To shred or not to shred? Is sudden large-scale document shredding in a semi-public entity ever a good thing?
On the morning of May 21, Randy Johnson, the recently fired director of horticulture at the Texas Discovery Gardens, goes to a sit-down visit at City Hall with Paul Dyer, director of the city's Park and Recreation Department, and Joan Walne, chair of the park board.
Johnson presents these august city officials with a laundry list of instances in which he says money has been mishandled at the Discovery Gardens. He tells them that as soon as he leaves his meeting with them he's headed down to the city attorney's office to file a raft of Public Information Act demands for public documents.
Johnson told me last week: "They said, 'Well, hold off on that, Randy, because if you do that they'll just start shredding documents [at the Discovery Gardens].'"
Two days later, I learn that several employees have witnessed a wholesale document-shredding operation going on in the offices of The Texas Discovery Gardens.
I try to reach Dyer and Walne. I hear nothing back. I do talk to the acting director of the Discovery Gardens who confirms they have been shredding documents.
Oh. I ask what kind. She says financial documents. Oh. I ask if that isn't bad. She says no. None of the shredded documents had anything to do with Johnson or Jane Bryant, the former Texas Discovery Gardens executive director also recently fired after complaining to several board members about financial malpractice by board members.
Let's run through it again quickly. Executive director reports bad financial practices to board — board members running operations of the institution themselves from home, writing checks and so on. Board fires her. One month later, best-known and most popular employee with great track record for raising money, also fired, no reason given.

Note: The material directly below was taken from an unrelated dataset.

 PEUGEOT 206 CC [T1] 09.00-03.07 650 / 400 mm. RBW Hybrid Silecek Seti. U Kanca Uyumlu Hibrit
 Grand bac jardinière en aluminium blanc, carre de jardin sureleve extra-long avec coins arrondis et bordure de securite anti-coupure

Fired employee reports bad financial practices to Dallas City Hall. They tell him to keep mum so nobody will shred documents. Two days later, major document-shredding party.
Is that reassuring?
You're still wondering: What the hell is the Texas Discovery Gardens? Sorry. Should have said that sooner. It's one of those quirky old institutions at Fair Park with a mission that is now somewhat elusive. Chartered in 1941, it is descended from the Hall of Horticulture at the 1936 Texas Centennial Exposition.

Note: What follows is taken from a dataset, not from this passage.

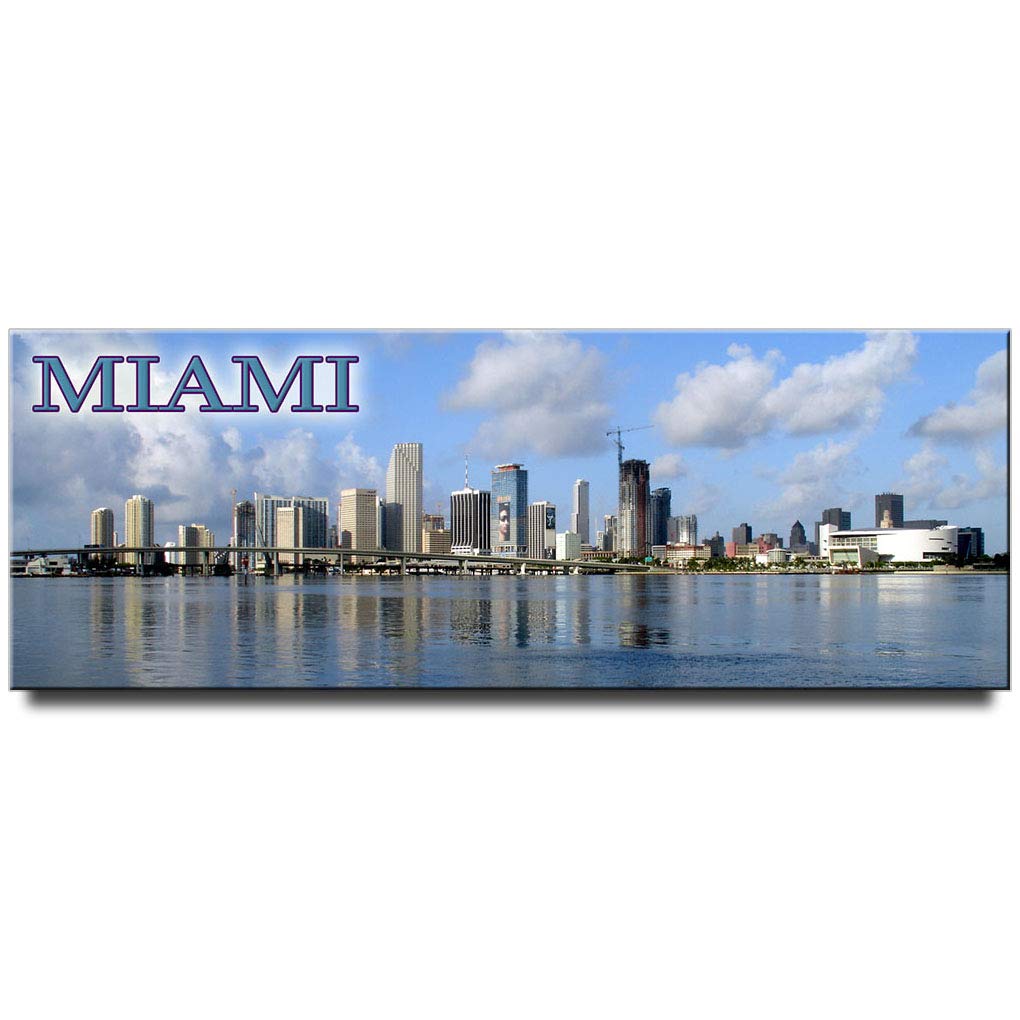 Miami Skyline Panoramic Fridge Magnet - Florida Travel Souvenir Gift - Perfect for Refrigerators, Offices & Travel Memories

It used to be a semi-private tea-party playhouse for old-fashioned ladies garden clubs around the city, and it still has a whiff of that. Many of the directors now operate under the aegis of the Texas Master Gardeners program associated with Texas A&M University, a gardening club for people who still use chemicals.
In recent years, however, the Discovery Gardens has taken on new life through two of its most popular programs. One is the Butterfly House, a glass, multistory wing housing an indoor rain forest that's home to exotic butterfly species. The other is the horticulture department that was run by Johnson. Under Johnson's hand, the Discovery Gardens, the first public garden in Texas certified 100 percent organic by the Texas Organic Research Center, has flourished.

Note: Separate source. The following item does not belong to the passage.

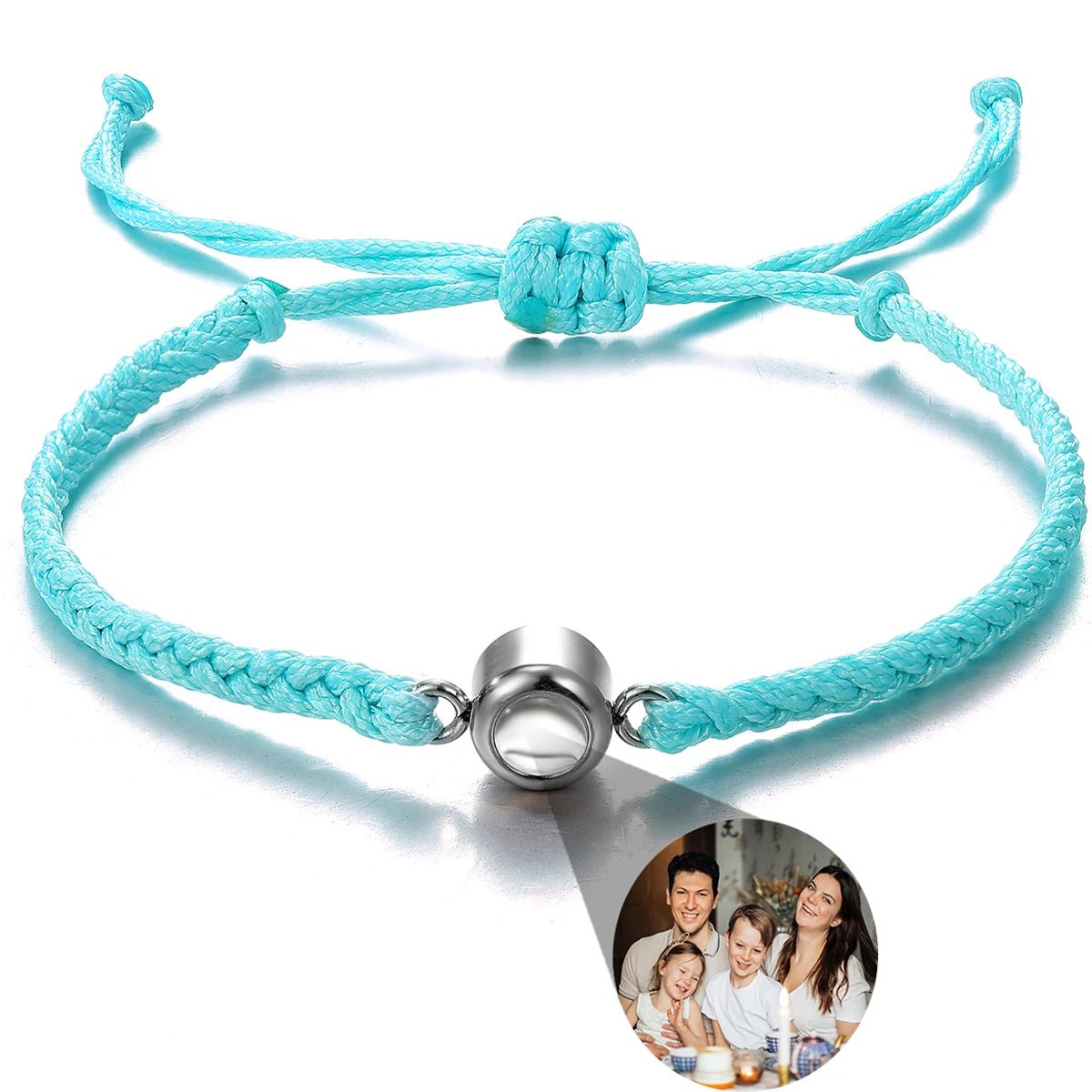 Men's Projection Bracelets Stainless Steel Custom Projection Bracelets Woven Photo Bracelets Commemorative Gifts - Black & White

The Discovery Gardens sits on 7.5 acres of city land, in a city-owned building where the city pays for all utilities and maintenance, in addition to providing an annual cash subsidy of $100,000, straight from city taxpayers. Why don't you have a clubhouse like that?
Johnson's programs, in addition to being a major source of revenue, were helping move the gardens out from the aura of fancy hats and hired gardeners with name-badge work shirts and into the burgeoning arena of organics and native plants attractive to a younger demographic. He joined the staff in 2007.
Bryant, a business teacher and entrepreneur, joined as executive director last year with a promise to double sales, grants, membership and attendance. She gave me copies of spreadsheets to show that she had done all of those things within a few months of arrival.
But she found problems. She also provided me with correspondence in which she argued with two board members about their effectively running departments of the institution as if the board members were management. Some of that activity involved purchasing and other financial operations. You know — moolah.
I discussed some of this several weeks ago with Janet K. Smith, who was chairperson of the board of directors at the time. She has since resigned, and so I re-discussed it last week with Michael Bosco, the new chairman. Both of them said more or less the same thing: Give us a break, we're a small volunteer entity. You don't turn people down if they're willing to help for free.
Smith said of one of the directors running a department, "He has given hundreds and thousands of hours to the Discovery Gardens in a wonderful way." She said he got involved in helping run things when he was just a member, before he ever went on the board. "The fact that he's a board member now is not even connected."